Many media outlets suggested the Pope must not have known what he was saying, given his reputation as the pope of “Who am I to judge?” fame. Francis has built a reputation for being LGBT friendly, so the coverage holds, meaning that he must have used the term almost accidentally, without intending to shock or offend.

What should be made of these interpretations?

To begin, it’s true there may be a generational discount to be applied. Francis, after all, is 87, and at times may use outdated expressions in ways that if someone younger were to say it, the effect would be different. My grandad had a heart of gold, but could sometimes use racial vocabulary that would make anybody cringe.

At the same time, throughout his career Francis has been known occasionally to indulge in off-colour expressions of all sorts. Some find that aspect of his personality crude or off-putting, others see his capacity to employ the argot of the street as part of his pastoral charm: carrying the “smell of his sheep”, as it were. In any event, it’s a trait that doesn’t necessarily always reflect the Pope’s developed thinking, but rather something more akin to shooting from the hip.

And, yet.

I didn’t grow up in an ethnically Italian home like Francis, I haven’t spoken Italian all my life, and the primary language in which I work every day isn’t Italian either. When Francis speaks Italian, he sounds like a native; when I do, I come off as an immigrant in Italy with a comically thick American accent.

Yet, even I know that the word frocio and its variants are strong medicine, and definitely not something you say in mixed company.

I recall distinctly in my first Italian class here in Rome a quarter-century ago that we had a gay teacher, and, at one point, a teenager in the class called him frocio – the response was immediate and unmistakable, with at least a half-dozen people shouting at the teenager to put a sock in it.

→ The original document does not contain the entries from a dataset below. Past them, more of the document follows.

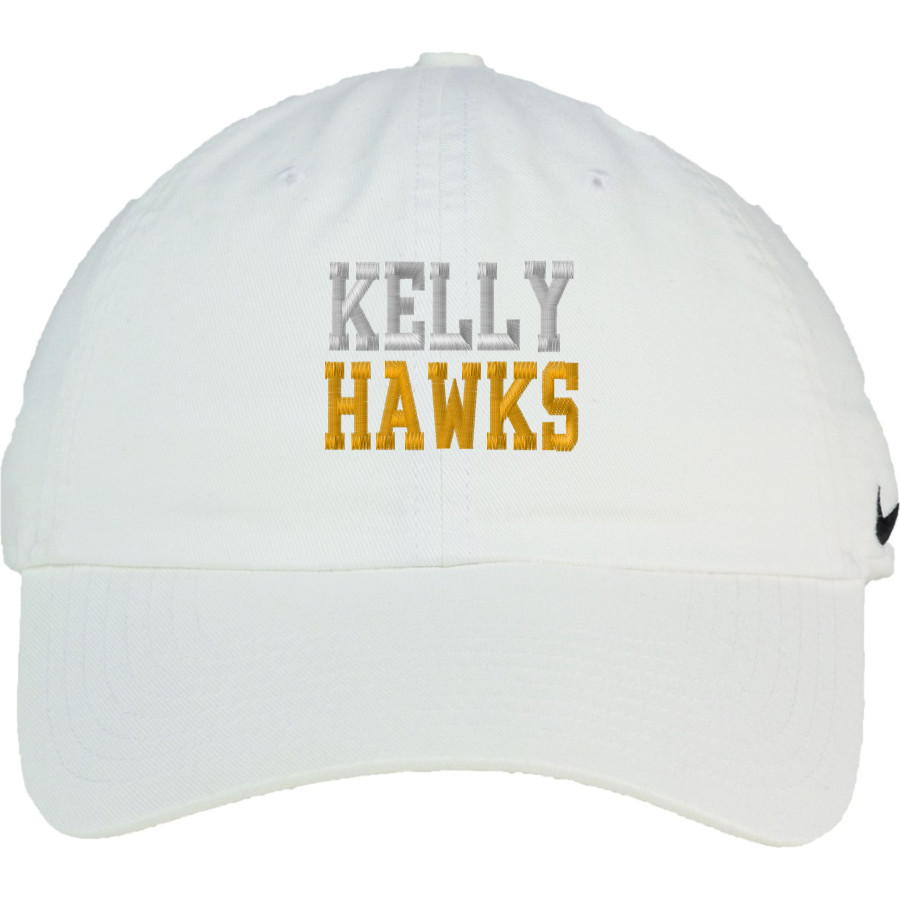Kelly Hawks <span class="pdp-name-mascot">Kelly Hawks</span> Nike Campus Cap
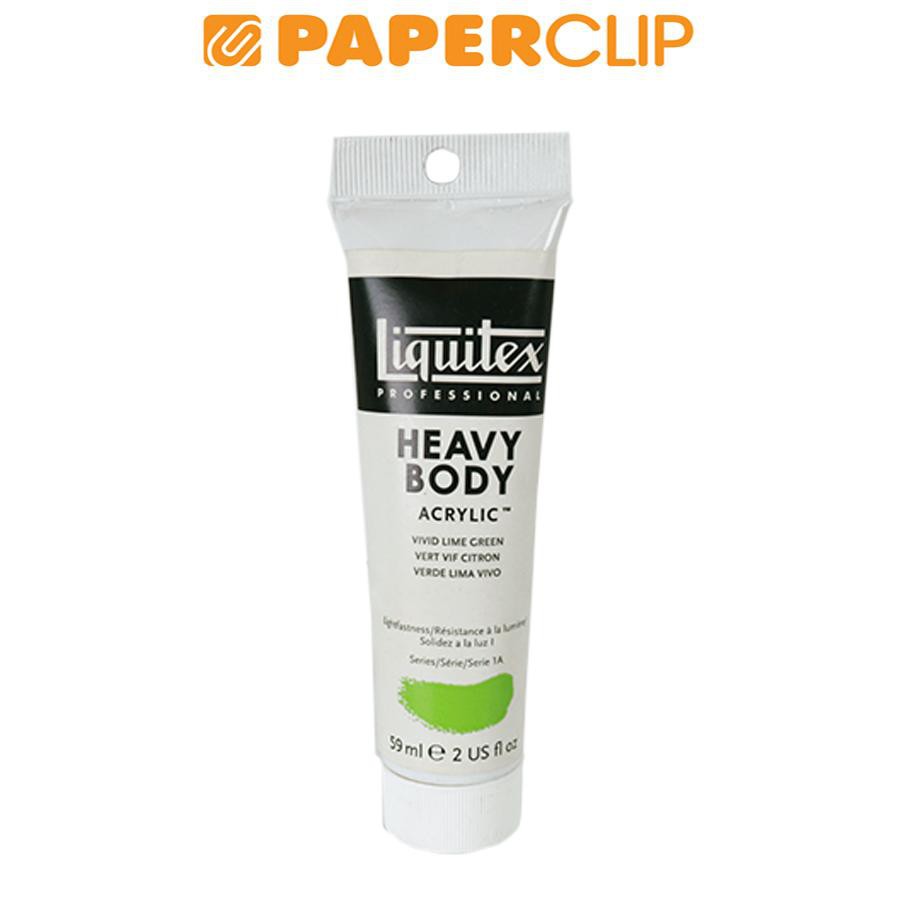 

1045740 ACRYLIC LIQUITEX HEAVY BODY S1A 59ML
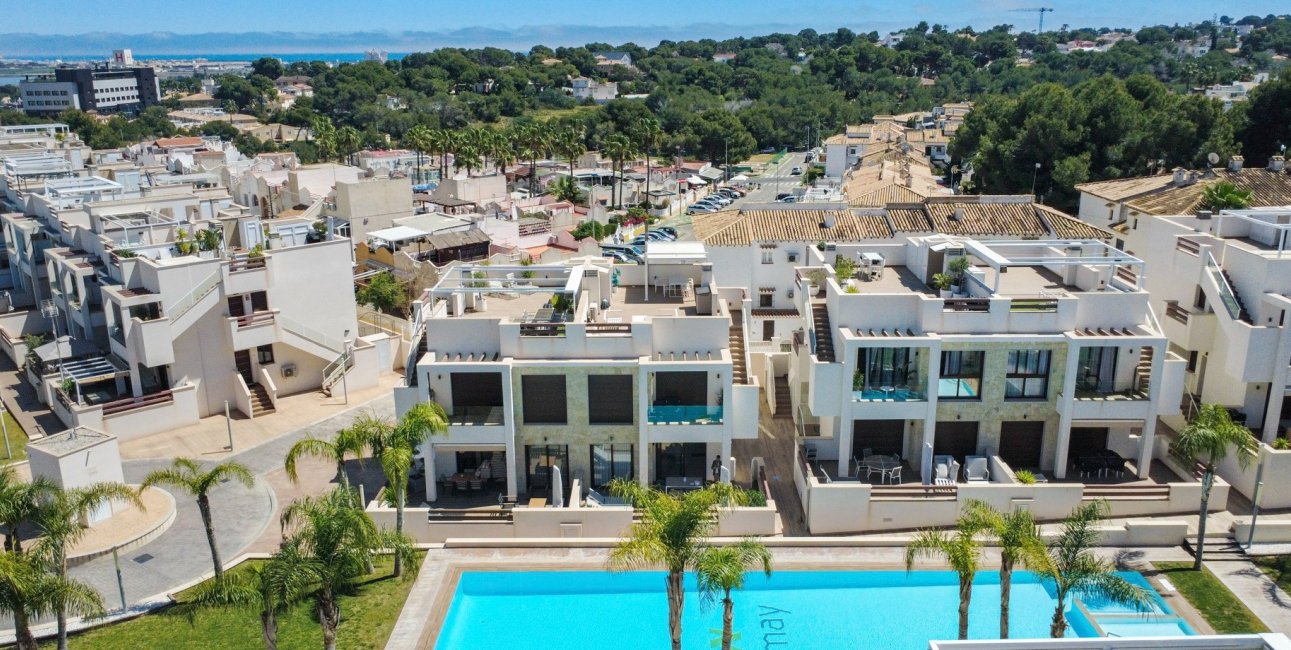 Rynek wtórny - Mieszkanie  -
Orihuela Costa - Los Balcones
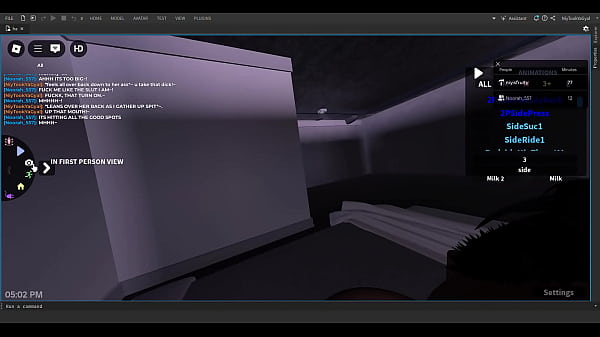 Play MP4 - Slow Grinding in this bitch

The bottom line is that it strains credulity, to put it mildly, that Pope Francis simply didn’t understand the language he was using. Moreover, it’s striking that many of the same people now urging us to believe in the Pope’s naïveté more typically are the ones extolling his savvy, deeply in-touch command of the moment.

Given all that, there’s another interpretation of his statement to the Italian bishops, which is that he meant what he said: In his view, there’s an overly strong element of what is sometimes referred to as a worryingly “gay lifestyle” in at least some seminary environments, and which warrants caution in terms of admitting gay candidates.

At the moment, CEI is considering a new set of admissions guidelines, a draft of which distinguishes between orientation and behaviour in the evaluation of gay candidates. Perhaps Francis deliberately wanted to trigger a yellow light; an invitation to slow down and be careful about inadvertently encouraging unhealthy elements in seminary life.